▸ **WHAT TO PRODUCE**
Go to the line holding "c8ef2fd1-2a6d-4f42-a3d1-a478b451e8b9_edited.jpg" in the data below and repeat it exactly, then each line after it up to and including the one holding "A black swallowtail". Omit pictures.

▸ **ENTRIES SHOWN**
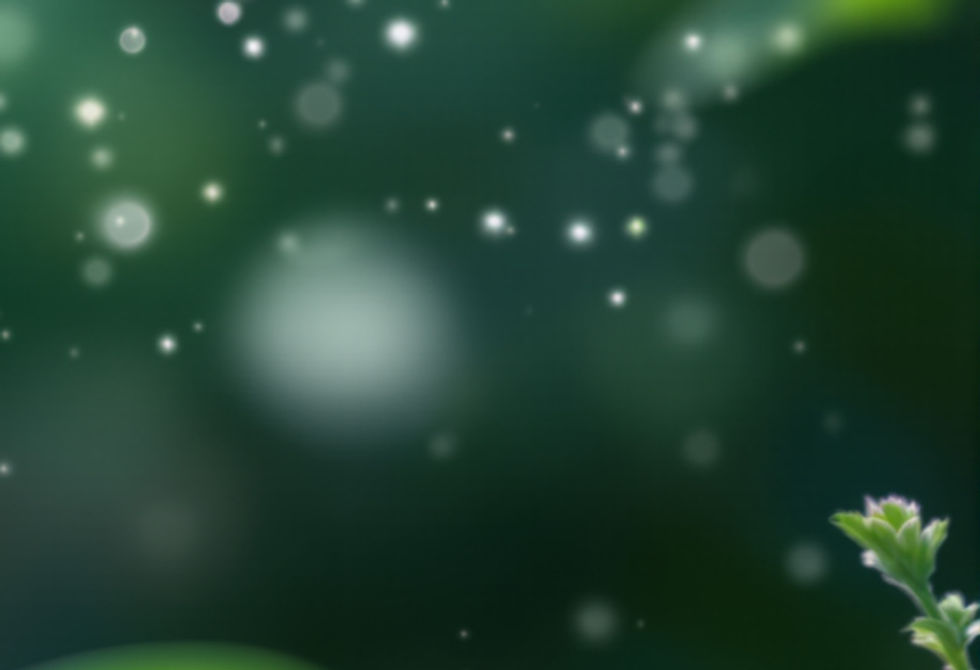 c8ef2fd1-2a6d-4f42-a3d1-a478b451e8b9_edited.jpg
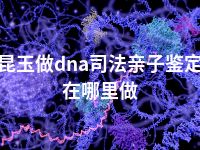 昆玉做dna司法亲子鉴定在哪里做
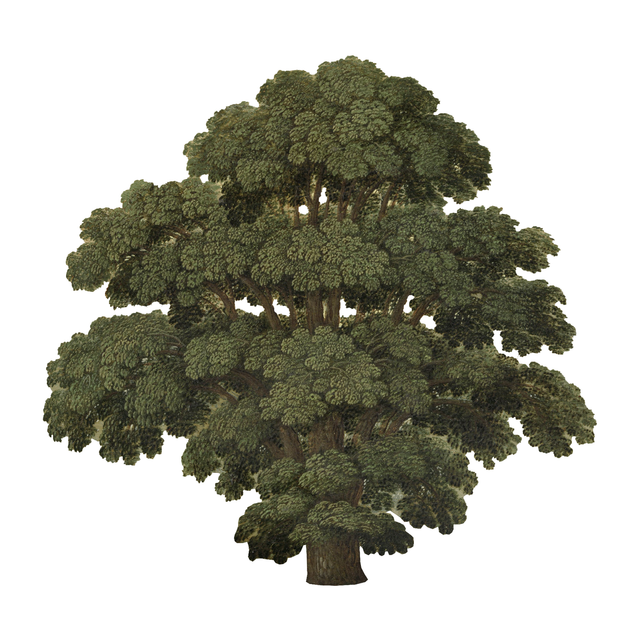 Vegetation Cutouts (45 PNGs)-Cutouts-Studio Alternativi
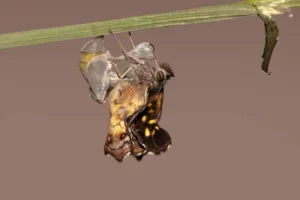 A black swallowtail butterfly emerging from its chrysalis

---

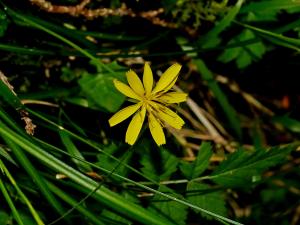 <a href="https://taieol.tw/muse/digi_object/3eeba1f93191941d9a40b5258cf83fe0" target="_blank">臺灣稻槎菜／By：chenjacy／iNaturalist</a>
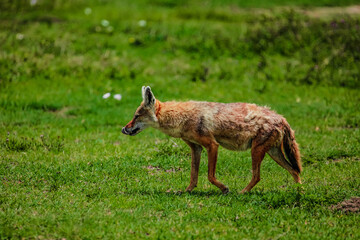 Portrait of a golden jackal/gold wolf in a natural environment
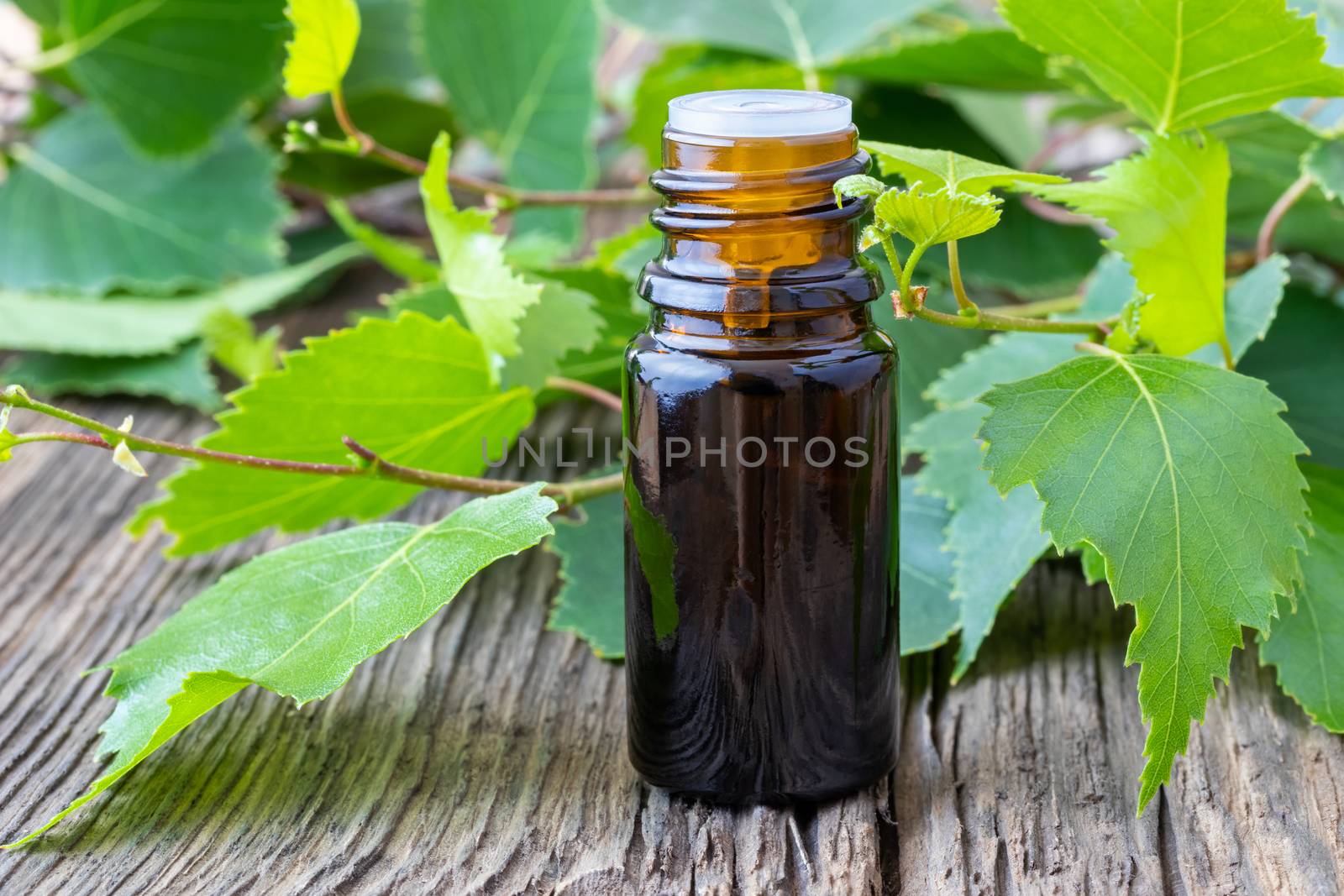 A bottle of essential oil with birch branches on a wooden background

* * *

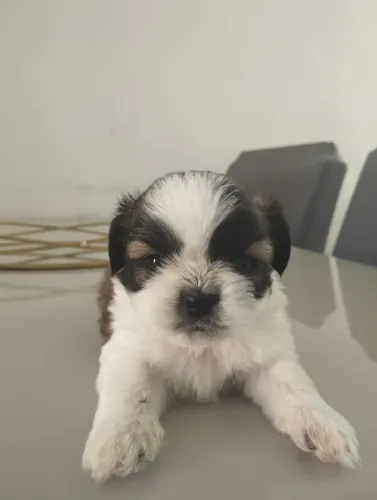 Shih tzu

▸ **ANSWER TO THIS TASK**
 c8ef2fd1-2a6d-4f42-a3d1-a478b451e8b9_edited.jpg
 昆玉做dna司法亲子鉴定在哪里做
 Vegetation Cutouts (45 PNGs)-Cutouts-Studio Alternativi
 A black swallowtail butterfly emerging from its chrysalis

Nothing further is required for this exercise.